Unicuique suum
L’antico diritto romano dava una definizione chiara della giustizia: “unicuique suum”, ovvero dare a ciascuno il suo, quello che gli spetta. Questo principio è stato ereditato dal cristianesimo, in un senso però metagiuridico, vale a dire non semplicemente nel senso di dare a ciascuno secondo il suo status professionale, sociale o economico, ma nel senso più profondamente spirituale di dare a ciascuno in base a ciò di cui necessita per vivere dignitosamente come uomo, fratello e figlio di Dio. Ogni essere umano, che non ha solo necessità materiali ma anche morali e spirituali, è stato creato perché possa liberamente realizzarsi secondo le attitudini e le capacità di cui è stato dotato e secondo legittime aspirazioni personali.
Il vangelo non intende “il dare a ciascuno il suo” come dare a ciascuno quel che è previsto si dia a ciascuno secondo criteri e classificazioni puramente formali, e quindi secondo leggi puramente umane, ma come dare a ciascuno secondo i suoi effettivi bisogni. A differenza della giustizia umana che è semplice “gestione legale” di egoismi contrapposti, infatti, la giustizia di Dio è giustizia nel senso pieno e sostanziale della parola, perché, pur naturalmente tenendo in conto meriti e demeriti di ciascuno, va sempre oltre una contabilità fredda e puramente numerica, per dispiegarsi come giustizia infinitamente misericordiosa e mai indifferente al reiterato grido di dolore che si leva da ogni umana esistenza.
La giustizia divina, naturalmente, non è d’altra parte insensibile agli sforzi personali di essere quanto più fedeli possibile alla Parola divina onorandola quindi in termini non meramente legalistici e dunque in termini per cui il richiamo all’obbedienza della legge e degli stessi precetti divini non risulti mai preminente principio di redenzione rispetto alla fede nella grazia di Dio.
La giustizia divina, in tal senso, tende a privilegiare la figura dell’uomo giusto, dell’uomo assolutamente giusto che è Cristo Gesù ma anche dell’uomo relativamente giusto, che è rappresentato da tutti coloro che, giustificati in Cristo, tendono sinceramente a convertirsi fino all’ultimo giorno di vita nonostante la fragilità peccaminosa della loro condizione umana. Sincerità di cuore: un’espressione indubbiamente abusata e spesso adoperata ipocritamente anche in ambito cattolico, ma è proprio essa a costituire alla fine, agli occhi di Dio, il vero banco di prova della nostra volontà di essere o non essere salvati.
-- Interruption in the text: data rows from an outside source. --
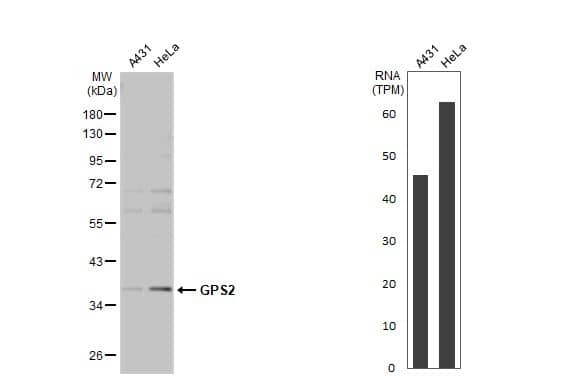 GPS2 Antibody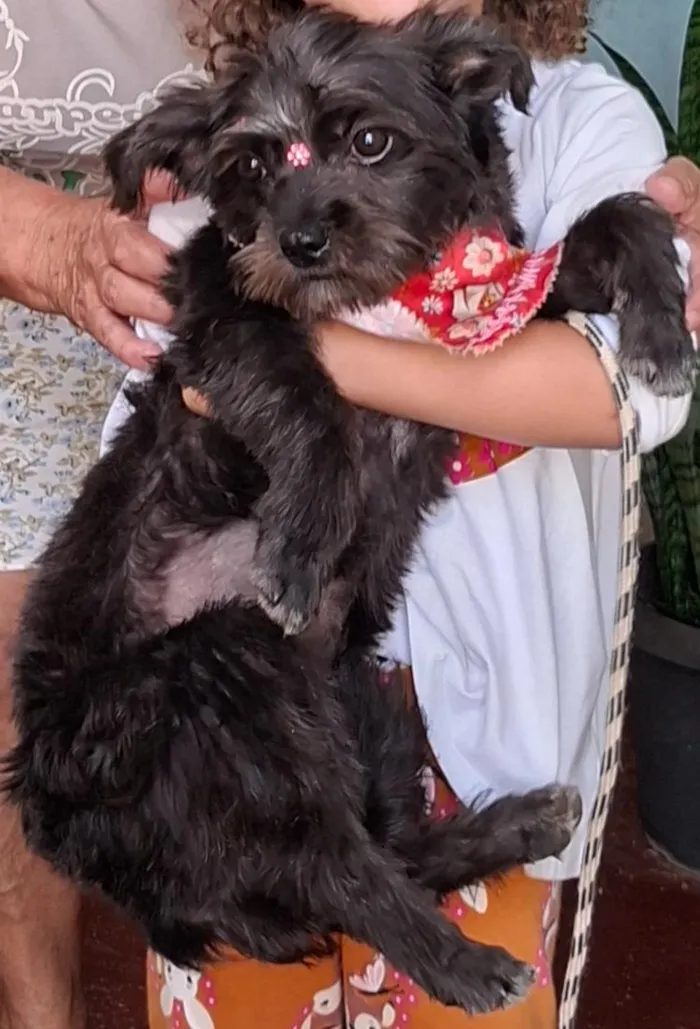 Cachorro raça SRD-ViraLata idade 7 a 11 meses nome Amora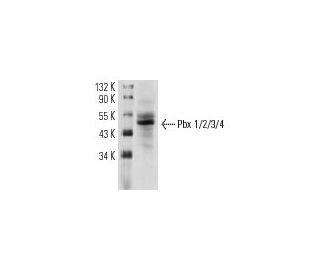 Pbx 1/2/3/4 Antibody (E-12) - Western Blotting - Image 12734 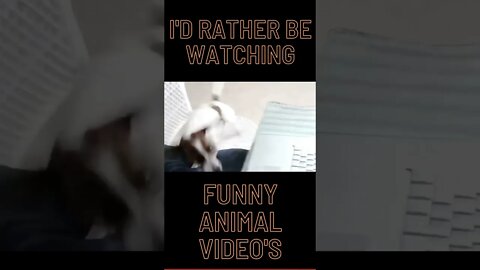 I'd Rather Watch Funny Animal Video's #Shorts #Viral #Cats #Dogs #Puppies #FunnyPets
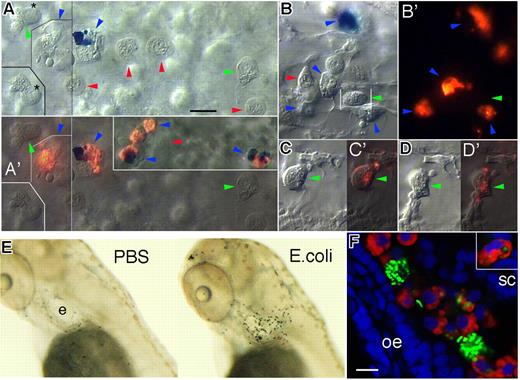 Figure 7. Neutrophils are attracted to infection foci, yet much less phagocytic than macrophages, in zebrafish larvae. (A-D) In vivo observations in a swimming larva injected with red fluorescent E coli in the caudal vein at 52 hpf. Blue, green, and red arrowheads, respectively point at macrophages, neutrophils, and erythrocytes. (A-D) are video-enhanced DIC images, (A′-D′) show the corresponding overlay of DIC and red fluorescence of the bacteria; all images are at the same magnification. (A,A′) 1.5 hours after injection, yolk sac circulation valley: 2 macrophages, one of which loaded with methylene blue, have already phagocytosed many bacteria, whereas 2 neutrophils nearby are free of them; the neutrophil marked by an asterisk at the border of its nucleus is also displayed 45 seconds later in the lower left inset in A, to show its fast motility. The inset in A′ shows 4 more macrophages farther in the valley, 2 of which also loaded with methylene blue. (B,B′): 2.25 hours after injection, CHT (close to the site of bacteria injection): 4 macrophages, one loaded with methylene blue, have phagocytosed many bacteria, whereas a neutrophil among them has none. (C,C′) 2.5 hours after injection, CHT/ventral fin junction: a neutrophil that phagocytosed bacteria; (D,D′) images of the same neutrophil 8 minutes later. In (A,A′,B) thin straight lines indicate picture elements captured at a slightly different focus. (E) SB staining of neutrophils at 3 dpf, 5 hours after microinjection of either PBS or E coli bacteria in the left inner ear. (F) Confocal fluorescence image of a portion of the left ear at 3 dpf, 5 hours after injection of green fluorescent (GFP-expressing) E coli in the ear cavity. After fixation, the peroxidase activity of neutrophils was revealed with Cy3-tyramide (red), then GFP by anti-GFP immunohistochemistry with Alexa Fluor 488 as fluorophore (green), and the nuclei were stained with DAPI (blue). Two macrophages are highlighted by their large amount of phagocytosed bacteria, whereas only some of the recruited neutrophils show a few small bacteria-containing phagosomes. The upper right inset shows a neutrophil in an other focal plane, with 4 obvious such phagosomes. e indicates ear; oe, otic epithelium; and sc, semicircular canal. Scale bars, 10 μm.
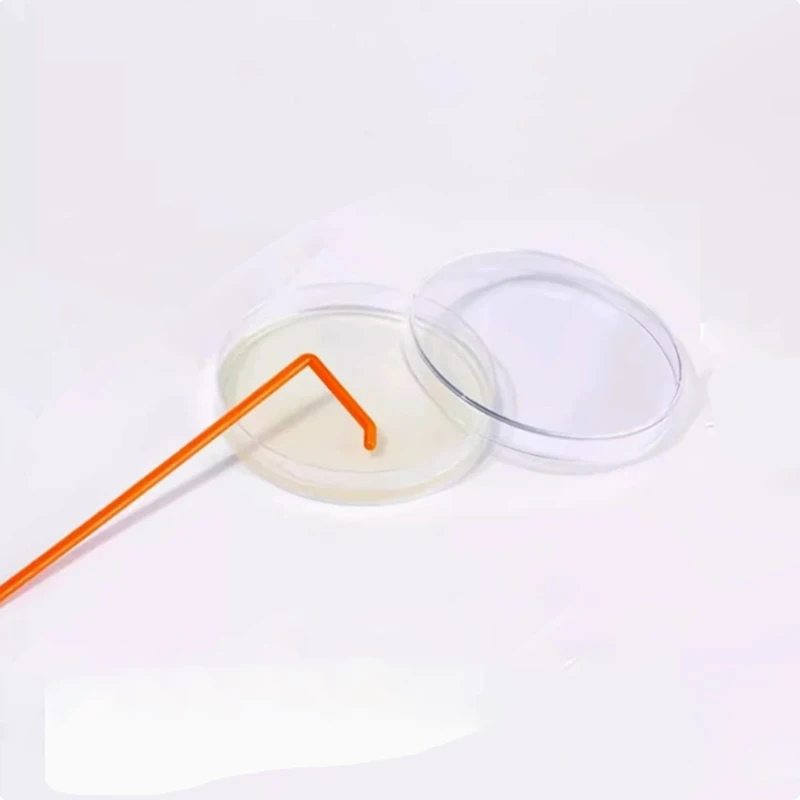 Determination Of Total Bacterial Count On 250g Nutrient Agar And Preservation Of Bacterial Strains On 33g Culture Medium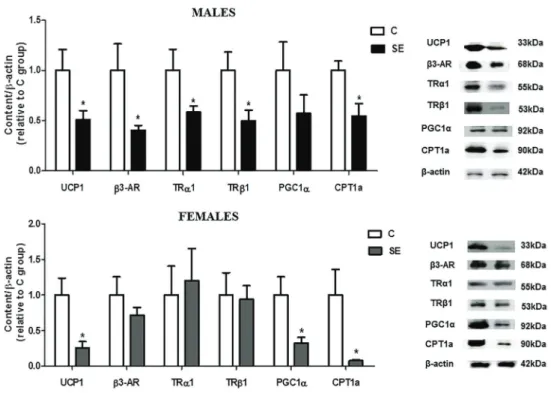Figure 5. Long-term effects of neonatal cigarette smoke exposure on brown adipose tissue (BAT) Dio2 mRNA expression at 180 postnatal days in males (A) and females (B)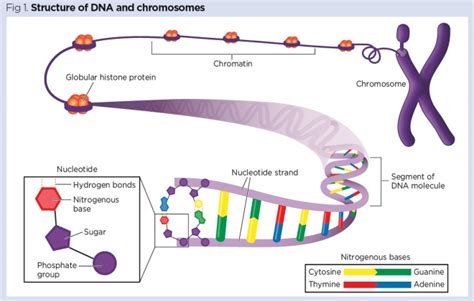 Genes and chromosomes 1: basic principles of genetics | Nursing Times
Uomini e donne saranno giudicati sia sulla base del modo in cui avranno saputo e voluto utilizzare le capacità, i carismi, i beni distribuiti gratuitamente da Dio ad ognuno di loro, sia sulla base della loro sincera e caritatevole propensione a rispettare, ammirare e valorizzare, oppure a disprezzare, disconoscere, minimizzare, per superbia, invidia, gelosia, i doni da Dio concessi ed elargiti ai loro simili.
Il principio “A ciascuno il suo”, secondo la giustizia e la misericordia di Dio, sarà applicato, qualche volta persino nel corso della vita terrena e della storia umana, non solo in rapporto all’osservanza o alla violazione degli antichi comandamenti di Dio, quelli scolpiti nelle tavole di pietra consegnate a Mosé, ma anche e forse soprattutto in rapporto all’attuazione del comandamento nuovo dato da Gesù, quello relativo alla necessità spirituale di amarsi gli uni gli altri in spirito di verità, di fraterna e sincera carità, di indefettibile giustizia.
Quanto più si sarà stati disposti, pur tra inevitabili limiti e peccati, a rispondere diligentemente alla grazia divina e a conformare la propria condotta di vita a quella di Gesù maestro e salvatore, tanto più grande sarà la ricompensa promessa da Cristo a coloro che non avranno lasciato nulla di intentato per non perdersi o chiudersi nelle piccolezze, meschinerie e grettezze della vita quotidiana, anche se talvolta indotte da difficoltà e situazioni umanamente comprensibili, e per dare almeno tendenzialmente al proprio pensiero il passo di Dio, al proprio cuore il sentire del cuore di Dio, alle proprie opere quella finalità di mite e amorevole servizio che è una delle principali finalità delle opere stesse di Dio.